We choose El Viejo Almacen, in a 200-year-old building where bohemians once gathered to hear the new tango music. The 240-seat house crackles with energy. Although this is a tourist show, the tourists are mostly from Latin America, so at times the crowd sings along with their sentimental favorites. The format is similar to the show at Cafe Tortoni, but less intimate (we don’t learn everybody’s home town). For $28 each, including two drinks but no dinner, we are well entertained.

Not a night owl? You can see tango by sunlight at impromptu performances around the city. We happen on dancers passing the hat along Calle Florida, a downtown pedestrian shopping street. They can often be found in the La Boca neighborhood, too. But the best selection is at the Sunday flea market in the San Telmo neighborhood, where pros and amateurs strut their moves as crowds gather ’round or peer from restaurant balconies.

One night, after a late dinner, we end up at the tiniest of tango clubs, Bar Sur, also in San Telmo, with 15 postage-stamp tables nestled around a black-and-white checkerboard dance floor. Pizza and empanadas are included with the $22 entrance fee. The nonstop entertainment features four dancers, a music trio, a male singer-guitarist and an older female singer who spills a lifetime of emotion into every number.

The inevitable audience participation moment arrives, and a stunning red-haired dancer invites my husband onto the floor. Paul takes the challenge, dredging up rusty moves from our wedding reception. So when a suave male dancer approaches me, I blurt one of my few Spanish phrases, “Si, como no?” — “Yes, why not?” As he twirls me across the floor, it feels like a sexy amusement park ride.

The next day, we decide we have to take lessons. The Academia Nacional del Tango, next to Cafe Tortoni, has a class that night with an English-speaking teacher for less than $2 a person.

We meet in a long, high-ceilinged room with chandeliers and parquet floors. Liliana, the teacher, introduces us to a fellow student who plants kisses on our cheeks as if we’re old friends. Liliana watches our moves, shaking her head, then dances separately with each of us. “Just relax!” she admonishes me. “Stop walking like Jerry Lewis!” she directs Paul.

By the end of class, we’ve learned three new steps. Liliana rewards us with kisses, as a lithe classmate calls, “You must come back and stay longer. Come to class again.”
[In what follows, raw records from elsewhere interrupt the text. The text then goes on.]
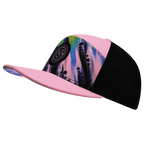 **ADULT** Color Vibes Hat - Flat Bill - Aurora - Pink / Black - Laser Mesh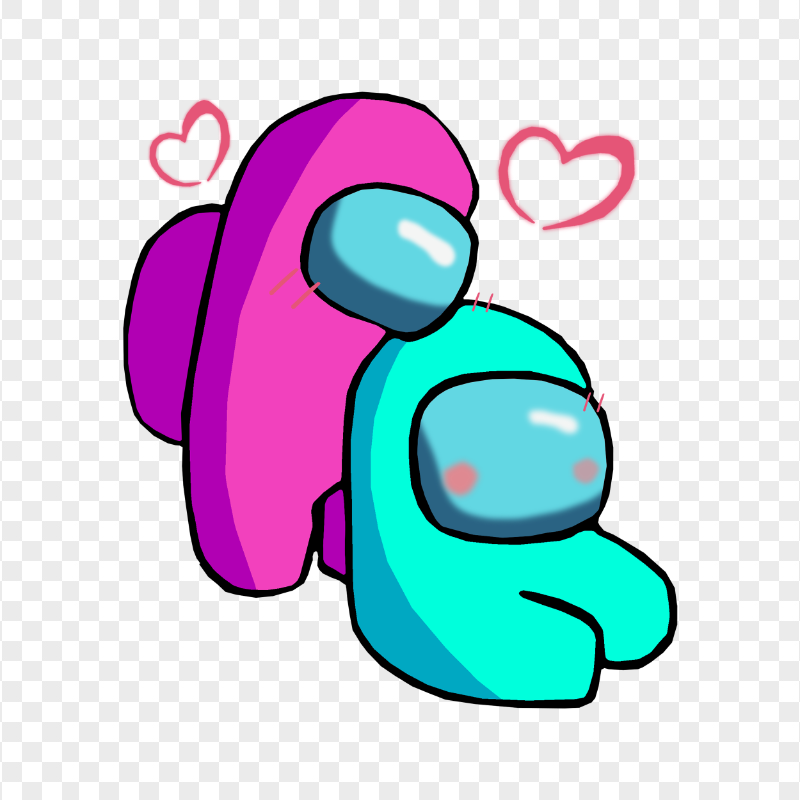 HD Pink Love Cyan Among Us Characters Valentines Romance PNG png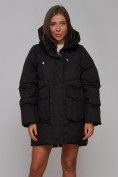 Купить Зимняя женская куртка модная с капюшоном черного цвета 52310Ch, фото 8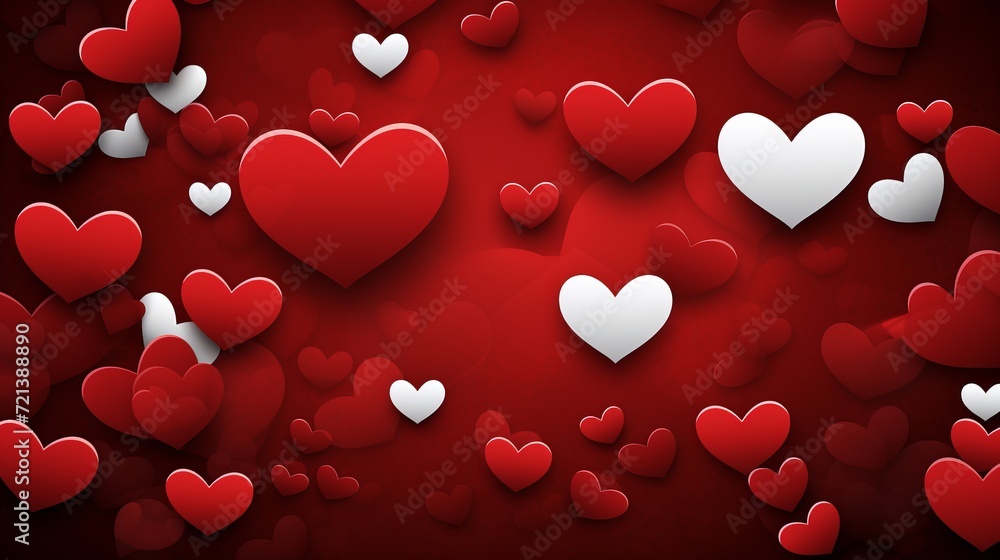 Romantic red hearts pattern background with a stylish white circle for text and design.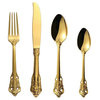 24-Piece Vintage 18K Gold Plated Stainless Steel Silverware Set, 6 Settings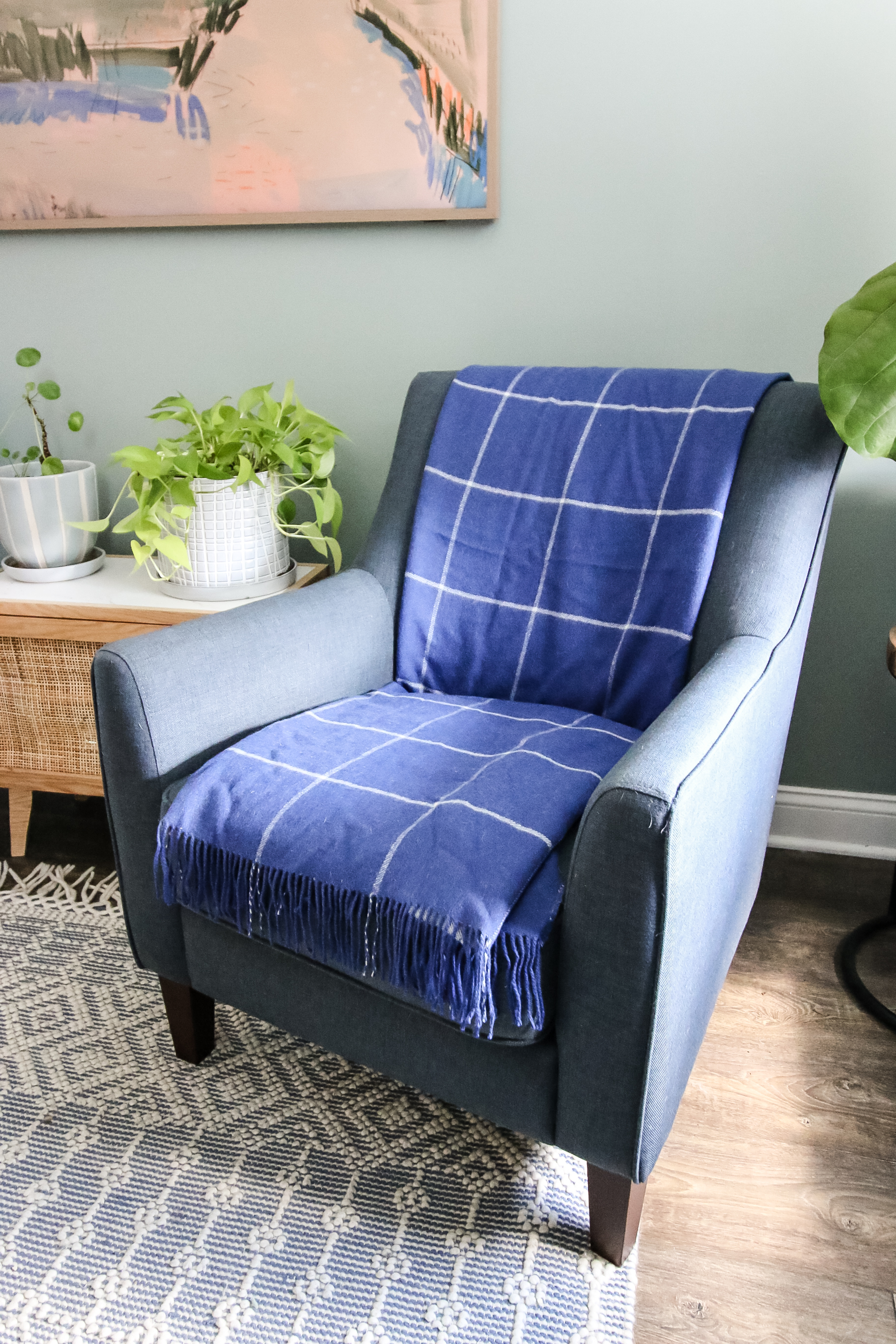 blanket folded on a chair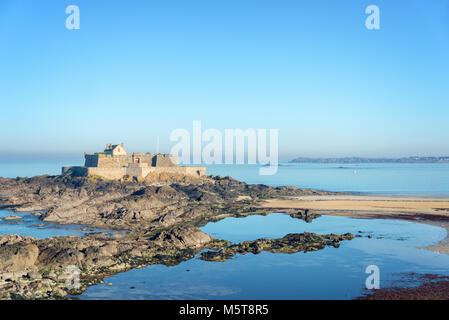 Fort National at low tide in Saint Malo, Brittany, France
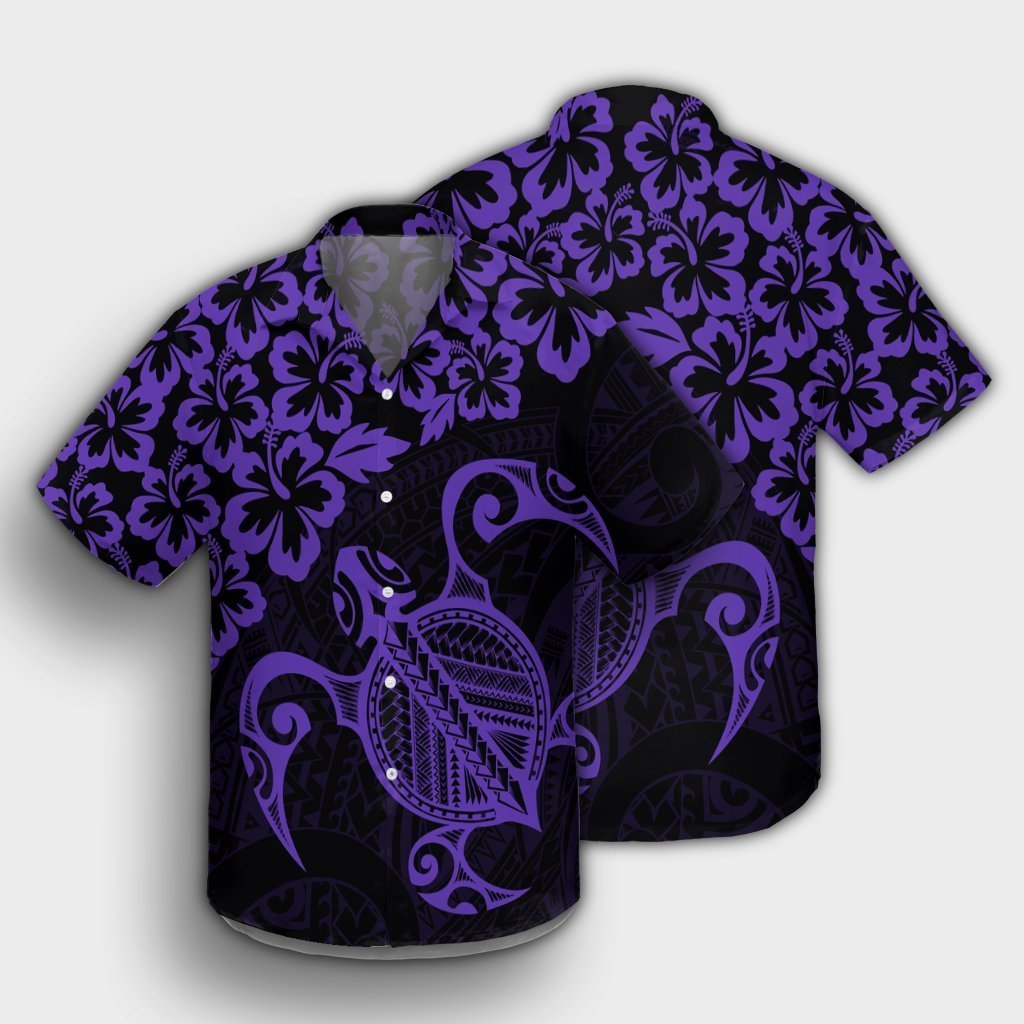 Hawaiian Map Turtle Hibiscus Kanaka Polynesian Hawaiian Shirt - Purple - AH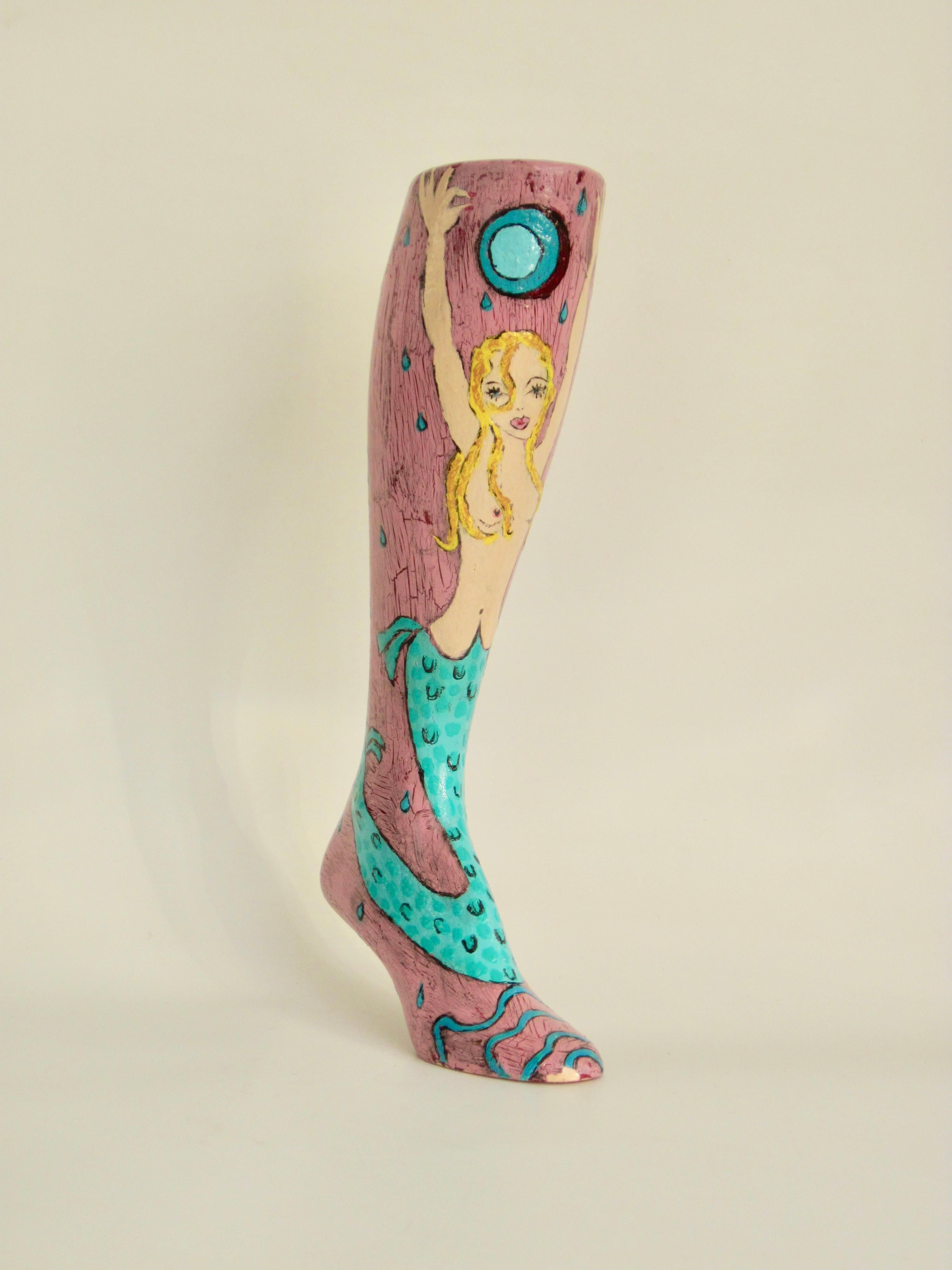 Folk art pink, yellow, and turquoise painted partial nude mermaid with moon and  sea life on a woman's mannequin leg. Fun boudoir or display piece. Signed.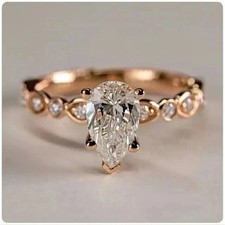 3 Ct Pear Cut Lab Created Diamond Engagement Wedding Ring 14K Rose Gold Plated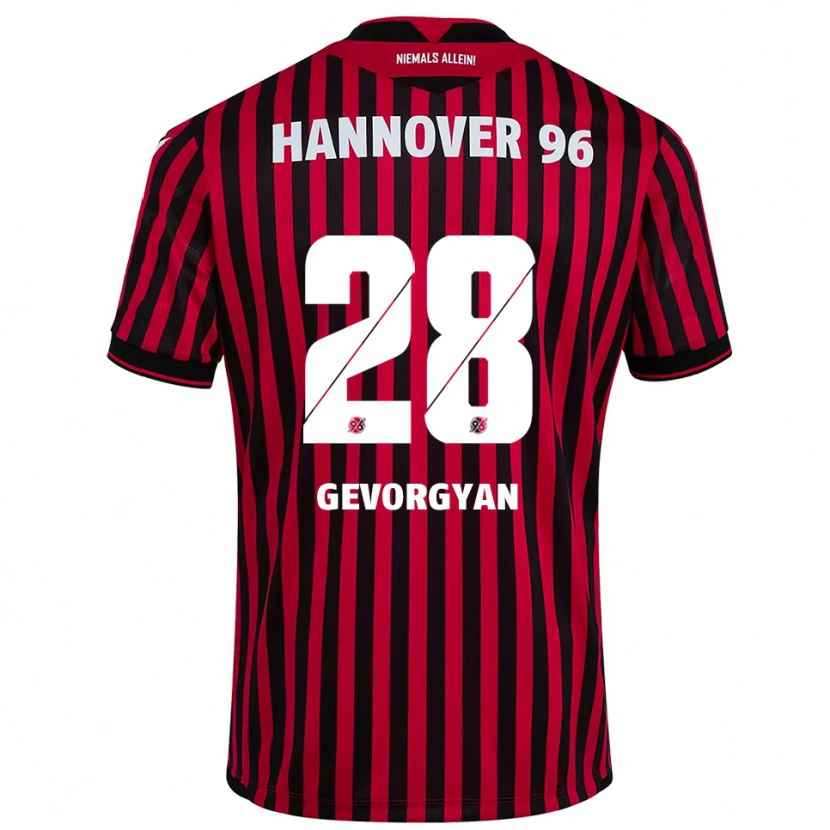 Danxen Donna Maglia Mark Gevorgyan #28 Rosso Nero Kit Gara Home 2025/26 Maglietta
Buoyed by our success, we decide to venture deep into the local tango scene by attending a milonga, a sort of floating dance party that few tourists encounter. We get the location from another tango teacher but are uncertain when the cab drops us at a deserted intersection at midnight. Then we hear music pouring from second-story windows, discover a stairway and pay our $2 fee.

The place is jammed. On the dance floor, couples lean into each other, packed tight, moving counterclockwise, gliding to recorded music. They are old, young, dressed in sequins and blue jeans.

Paul pilots me into the throng. I remember not to lead and to let the drama of the music wash over me. It is sexy, dangerous, a touch melancholy — and I have surrendered.

We leave the club at 2 a.m. A taxi scoops us up. On its door are silhouetted dancers and the name Tango Cab — as if to affirm that finally we, too, are dancers.